• What is required:
Every line of the entries below that includes "from" belongs in the answer, copied as written.
------------------------------
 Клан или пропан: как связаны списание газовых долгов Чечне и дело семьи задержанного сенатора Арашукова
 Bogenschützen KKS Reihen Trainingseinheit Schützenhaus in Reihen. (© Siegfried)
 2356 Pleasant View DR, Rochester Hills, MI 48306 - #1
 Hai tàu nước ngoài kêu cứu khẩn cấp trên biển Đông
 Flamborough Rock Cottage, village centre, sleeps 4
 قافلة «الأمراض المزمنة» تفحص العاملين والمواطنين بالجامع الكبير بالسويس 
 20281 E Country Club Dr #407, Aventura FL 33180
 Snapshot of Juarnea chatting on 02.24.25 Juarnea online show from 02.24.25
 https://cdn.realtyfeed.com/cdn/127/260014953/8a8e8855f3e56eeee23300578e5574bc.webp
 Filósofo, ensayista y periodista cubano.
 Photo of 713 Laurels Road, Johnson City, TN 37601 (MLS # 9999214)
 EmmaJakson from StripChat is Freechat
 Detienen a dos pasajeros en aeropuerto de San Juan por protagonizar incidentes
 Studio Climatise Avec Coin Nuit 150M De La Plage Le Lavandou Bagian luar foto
------------------------------
• Response:
 Snapshot of Juarnea chatting on 02.24.25 Juarnea online show from 02.24.25
 EmmaJakson from StripChat is Freechat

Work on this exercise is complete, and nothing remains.